Abstract:Text-based AI system optimization typically involves a feedback loop scheme where a single LLM generates an evaluation in natural language of the current output to improve the next iteration's output. However, in this work, we empirically demonstrate that for a practical and complex task (code generation) with multiple criteria to evaluate, utilizing only one LLM evaluator tends to let errors in generated code go undetected, thus leading to incorrect evaluations and ultimately suboptimal test case performance. Motivated by this failure case, we assume there exists an optimal evaluation policy that samples an evaluation between response and ground truth. We then theoretically prove that a linear combination of multiple evaluators can approximate this optimal policy.
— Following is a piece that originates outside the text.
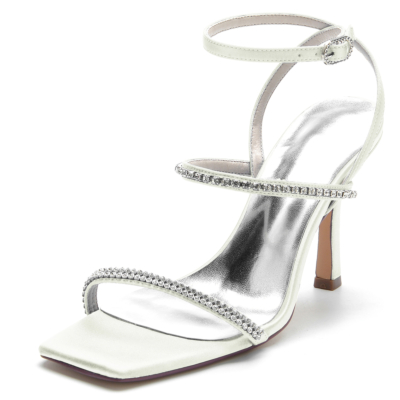Ivory Satin Rhinestone Tri-straps Open Toe Stiletto Heel Party Sandals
From this insight, we propose AI system optimization via Multiple LLM Evaluators (AIME). AIME is an evaluation protocol that utilizes multiple LLMs that each independently generate an evaluation on separate criteria and then combine them via concatenation. We provide an extensive empirical study showing AIME outperforming baseline methods in code generation tasks, with up to $62\%$ higher error detection rate and up to $16\%$ higher success rate than a single LLM evaluation protocol on LeetCodeHard and HumanEval datasets. We also show that the selection of the number of evaluators and which criteria to utilize is non-trivial as it can impact pact success rate by up to $12\%$.